While toddlers can be trained to say “please” and “thank you,” true gratitude takes much longer to cultivate. None of us are born with a heart bent towards always giving thanks, so it is something that must be learned and practiced. The first place to start when desiring to teach our children anything is with ourselves. How often do you find yourself starting a sentence with, “I am so thankful . . .”? It is so easy to fall into the trap of entitlement and discontentment. If we want grateful children, we ourselves must see our world with a grateful eye and heart.
Make gratitude a daily part of your conversation. It can be practiced on the way home from school, around the dinner table, or as part of a nightly bedtime routine. Older children can be encouraged to journal their thankfulness in a daily blessing book. Don’t make gratitude a seasonal attitude that only appears during November.

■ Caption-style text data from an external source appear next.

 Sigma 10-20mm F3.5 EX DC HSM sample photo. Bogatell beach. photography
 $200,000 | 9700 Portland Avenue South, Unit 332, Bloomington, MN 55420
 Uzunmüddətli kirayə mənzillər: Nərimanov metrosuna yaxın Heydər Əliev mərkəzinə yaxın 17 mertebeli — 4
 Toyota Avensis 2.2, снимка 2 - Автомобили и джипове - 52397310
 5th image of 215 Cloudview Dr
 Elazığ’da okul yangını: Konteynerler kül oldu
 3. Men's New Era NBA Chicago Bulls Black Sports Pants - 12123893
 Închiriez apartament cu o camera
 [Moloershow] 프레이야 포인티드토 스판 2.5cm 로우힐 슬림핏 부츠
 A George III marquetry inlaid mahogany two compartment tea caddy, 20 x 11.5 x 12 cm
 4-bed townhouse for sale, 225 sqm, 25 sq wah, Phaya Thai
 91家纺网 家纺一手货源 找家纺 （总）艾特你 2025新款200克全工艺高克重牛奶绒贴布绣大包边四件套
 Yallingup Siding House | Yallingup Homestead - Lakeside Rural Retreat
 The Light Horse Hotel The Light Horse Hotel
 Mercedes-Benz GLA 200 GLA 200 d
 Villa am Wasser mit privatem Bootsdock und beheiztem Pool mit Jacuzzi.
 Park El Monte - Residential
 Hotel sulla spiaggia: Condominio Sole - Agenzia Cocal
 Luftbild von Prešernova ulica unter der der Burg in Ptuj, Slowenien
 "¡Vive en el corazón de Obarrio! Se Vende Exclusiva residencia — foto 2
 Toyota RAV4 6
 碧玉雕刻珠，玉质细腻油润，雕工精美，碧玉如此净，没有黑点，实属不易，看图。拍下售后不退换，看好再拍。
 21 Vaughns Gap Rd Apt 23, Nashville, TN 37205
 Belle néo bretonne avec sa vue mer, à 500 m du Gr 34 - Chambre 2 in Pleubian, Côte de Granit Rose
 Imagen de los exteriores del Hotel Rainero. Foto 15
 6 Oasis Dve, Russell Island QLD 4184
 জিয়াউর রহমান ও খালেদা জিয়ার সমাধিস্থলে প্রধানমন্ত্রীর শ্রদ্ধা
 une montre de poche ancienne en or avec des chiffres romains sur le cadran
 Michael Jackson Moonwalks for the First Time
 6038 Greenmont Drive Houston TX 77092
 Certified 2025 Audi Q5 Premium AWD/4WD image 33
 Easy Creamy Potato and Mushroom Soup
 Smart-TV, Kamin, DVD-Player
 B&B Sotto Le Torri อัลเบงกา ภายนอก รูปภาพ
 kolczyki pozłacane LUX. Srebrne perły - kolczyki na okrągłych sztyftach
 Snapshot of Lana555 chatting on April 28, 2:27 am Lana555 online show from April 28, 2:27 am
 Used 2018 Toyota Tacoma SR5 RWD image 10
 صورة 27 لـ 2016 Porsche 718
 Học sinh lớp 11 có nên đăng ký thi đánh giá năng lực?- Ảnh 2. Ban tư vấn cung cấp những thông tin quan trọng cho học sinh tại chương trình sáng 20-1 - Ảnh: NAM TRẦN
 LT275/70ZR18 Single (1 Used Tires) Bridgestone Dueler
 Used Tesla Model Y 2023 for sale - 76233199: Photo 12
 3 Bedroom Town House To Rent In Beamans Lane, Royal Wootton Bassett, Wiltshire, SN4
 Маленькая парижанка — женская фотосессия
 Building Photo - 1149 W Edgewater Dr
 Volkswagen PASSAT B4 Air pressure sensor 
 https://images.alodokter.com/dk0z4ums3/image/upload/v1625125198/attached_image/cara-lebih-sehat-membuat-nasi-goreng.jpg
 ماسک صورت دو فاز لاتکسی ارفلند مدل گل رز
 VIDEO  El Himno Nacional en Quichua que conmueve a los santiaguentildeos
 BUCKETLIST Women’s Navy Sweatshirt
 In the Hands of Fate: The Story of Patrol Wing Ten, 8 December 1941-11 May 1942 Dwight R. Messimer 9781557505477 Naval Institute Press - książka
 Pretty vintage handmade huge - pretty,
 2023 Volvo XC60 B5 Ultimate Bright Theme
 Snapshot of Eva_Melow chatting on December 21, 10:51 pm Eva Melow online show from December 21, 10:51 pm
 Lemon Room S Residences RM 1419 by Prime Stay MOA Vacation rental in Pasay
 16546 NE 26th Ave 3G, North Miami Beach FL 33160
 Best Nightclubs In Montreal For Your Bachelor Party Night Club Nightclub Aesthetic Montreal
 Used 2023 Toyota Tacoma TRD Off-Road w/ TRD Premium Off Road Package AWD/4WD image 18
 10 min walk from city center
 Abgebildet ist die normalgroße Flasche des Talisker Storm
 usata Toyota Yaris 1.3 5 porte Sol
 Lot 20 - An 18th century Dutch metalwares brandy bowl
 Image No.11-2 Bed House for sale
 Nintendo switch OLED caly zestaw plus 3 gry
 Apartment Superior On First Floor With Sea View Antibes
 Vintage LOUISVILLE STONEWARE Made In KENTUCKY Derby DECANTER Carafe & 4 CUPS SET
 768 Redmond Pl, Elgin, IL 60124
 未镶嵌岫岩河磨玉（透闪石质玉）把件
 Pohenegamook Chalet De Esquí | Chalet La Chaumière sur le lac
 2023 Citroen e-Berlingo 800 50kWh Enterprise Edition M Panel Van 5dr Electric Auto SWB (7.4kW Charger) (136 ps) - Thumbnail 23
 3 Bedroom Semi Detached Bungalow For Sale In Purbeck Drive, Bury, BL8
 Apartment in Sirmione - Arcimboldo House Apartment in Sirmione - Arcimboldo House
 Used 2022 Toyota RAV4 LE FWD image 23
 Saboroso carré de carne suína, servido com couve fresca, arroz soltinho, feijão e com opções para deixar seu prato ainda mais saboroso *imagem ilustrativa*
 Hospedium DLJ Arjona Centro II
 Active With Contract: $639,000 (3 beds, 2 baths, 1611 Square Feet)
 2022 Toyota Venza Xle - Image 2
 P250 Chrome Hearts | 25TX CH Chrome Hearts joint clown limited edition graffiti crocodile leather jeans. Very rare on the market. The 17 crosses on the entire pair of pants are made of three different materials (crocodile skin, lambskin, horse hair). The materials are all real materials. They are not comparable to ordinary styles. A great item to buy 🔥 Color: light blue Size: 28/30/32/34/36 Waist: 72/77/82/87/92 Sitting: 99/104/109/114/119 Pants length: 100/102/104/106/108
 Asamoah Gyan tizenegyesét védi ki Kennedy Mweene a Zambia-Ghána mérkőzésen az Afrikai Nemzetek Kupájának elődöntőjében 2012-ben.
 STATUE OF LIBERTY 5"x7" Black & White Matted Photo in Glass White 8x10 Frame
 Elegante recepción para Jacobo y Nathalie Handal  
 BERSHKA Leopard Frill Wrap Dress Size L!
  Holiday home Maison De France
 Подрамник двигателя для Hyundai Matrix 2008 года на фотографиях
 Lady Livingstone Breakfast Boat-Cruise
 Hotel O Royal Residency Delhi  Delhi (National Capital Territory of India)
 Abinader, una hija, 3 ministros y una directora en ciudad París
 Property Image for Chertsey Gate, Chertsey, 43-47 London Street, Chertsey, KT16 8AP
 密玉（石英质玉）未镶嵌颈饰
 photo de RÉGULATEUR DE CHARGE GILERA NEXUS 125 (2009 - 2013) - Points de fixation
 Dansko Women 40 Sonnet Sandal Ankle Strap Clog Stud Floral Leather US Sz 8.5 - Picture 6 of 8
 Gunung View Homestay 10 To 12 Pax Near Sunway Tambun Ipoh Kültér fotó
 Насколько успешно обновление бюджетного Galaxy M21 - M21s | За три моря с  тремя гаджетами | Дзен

When gratitude grows in your heart, a natural response is generosity. Work together as a family to help others in need. This isn’t always a financial response. It can be your time. Also, don’t deny your children the opportunity of service in your home. Giving them simple tasks of helping with household chores helps them develop an appreciation for the effort that goes into a well-run home.
Sadly, thank-you notes have almost become extinct in our society. Help your child craft thank-you drawings or notes for others. You can begin by having small children dictate the note, and as they grow older they can draft them on their own. While the medium may change due to technological advances, notes of thanks should never disappear.
Gratitude is not just a feeling—it is a choice. In learning to choose gratitude, it is helpful to fill our hearts with Scripture and songs. It is difficult for bitterness to take root when your mind is filled with blessings. The book of Psalms is an excellent resource in time of pain, grief, and loss. The psalmist reminds us that in the midst of trials our hope is found in Christ. Your child’s life will not be free from hurt. Teach your children songs that will re-tether their hearts to a Savior Who can be trusted at all times. Happiness isn’t always tied to what is happening!
Sure, being in the presence of thankful children is more pleasant than listening to whiny ones, but it goes far beyond that. By choosing gratitude, children become less absorbed with themselves and more sensitive to the needs of others. Remember the most precious possession we can share with others is our knowledge of the Savior. When we realize all Christ has done for us, undeserving as we are, gratitude should overflow and propel us into action.